(Beginning of Dataset)
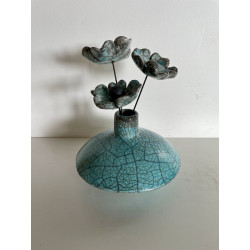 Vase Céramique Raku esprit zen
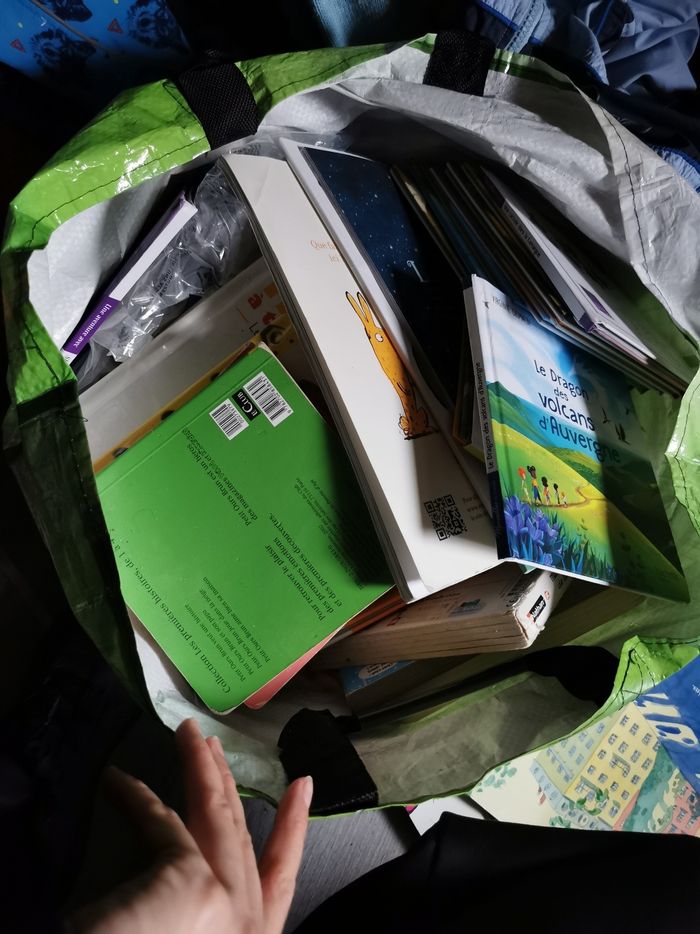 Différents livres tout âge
(End of Dataset)
(Beginning of Dataset)
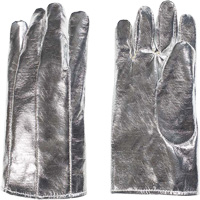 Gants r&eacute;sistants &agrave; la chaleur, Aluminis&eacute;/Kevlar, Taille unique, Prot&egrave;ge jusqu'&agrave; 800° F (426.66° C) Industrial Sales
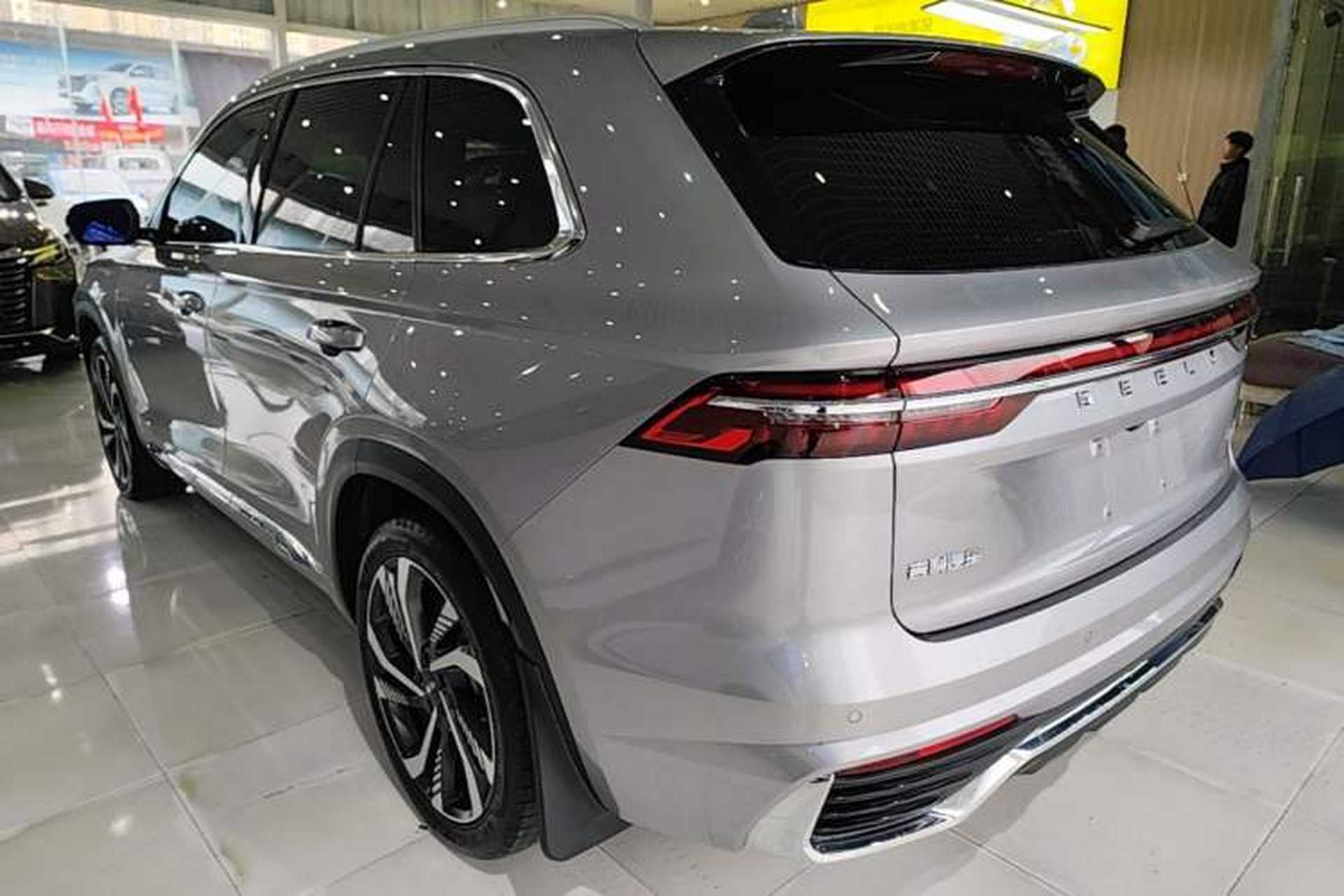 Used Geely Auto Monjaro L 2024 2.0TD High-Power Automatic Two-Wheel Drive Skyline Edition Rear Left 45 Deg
(End of Dataset)
(Beginning of Dataset)
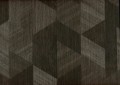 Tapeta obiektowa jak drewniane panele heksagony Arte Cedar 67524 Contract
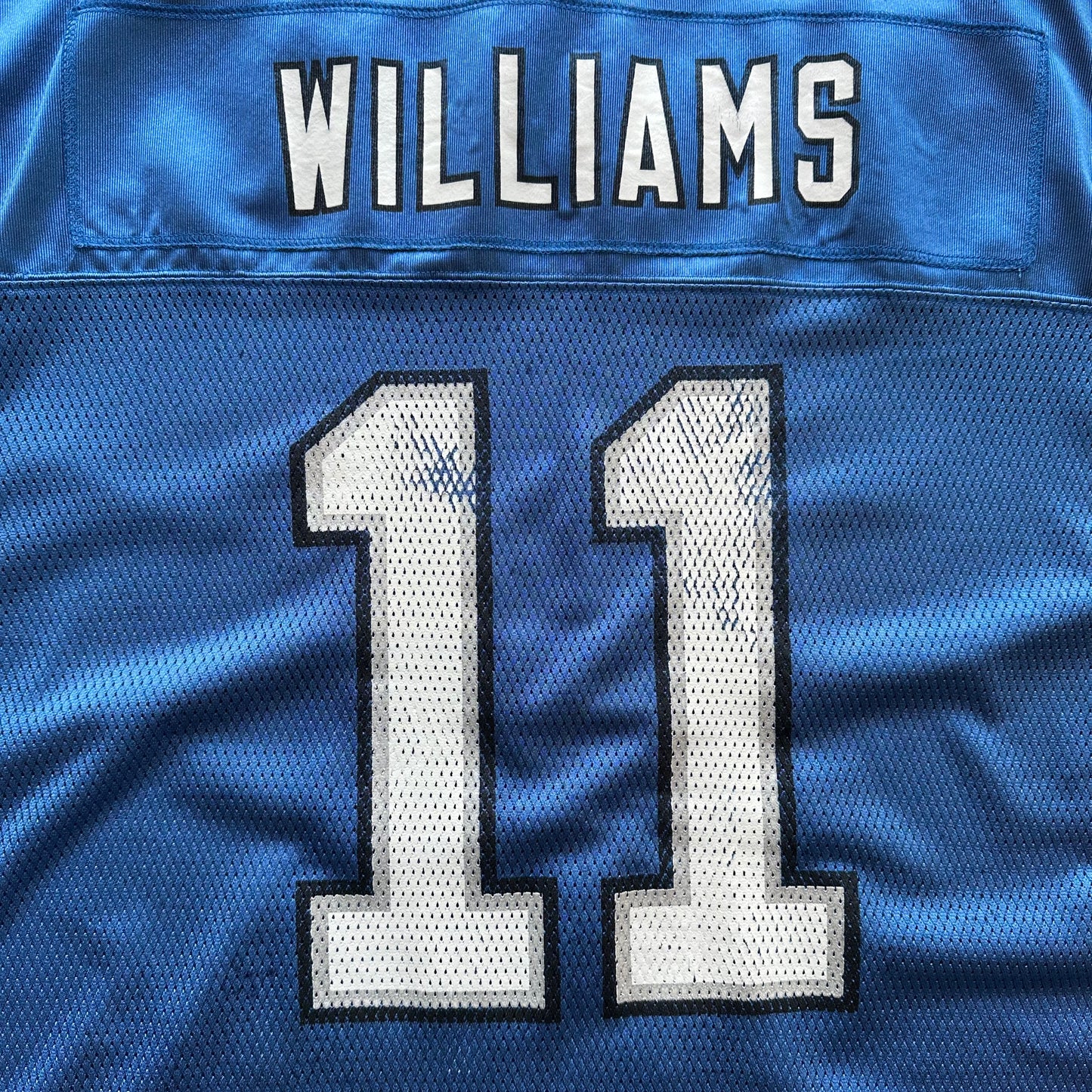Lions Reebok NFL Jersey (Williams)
(End of Dataset)
Although pictures appear among the records above, write out exactly only the lines from the one that has "Vase Céramique Raku esprit zen" through the one that has "Différents livres tout âge", and leave the pictures out.

 Vase Céramique Raku esprit zen
 Différents livres tout âge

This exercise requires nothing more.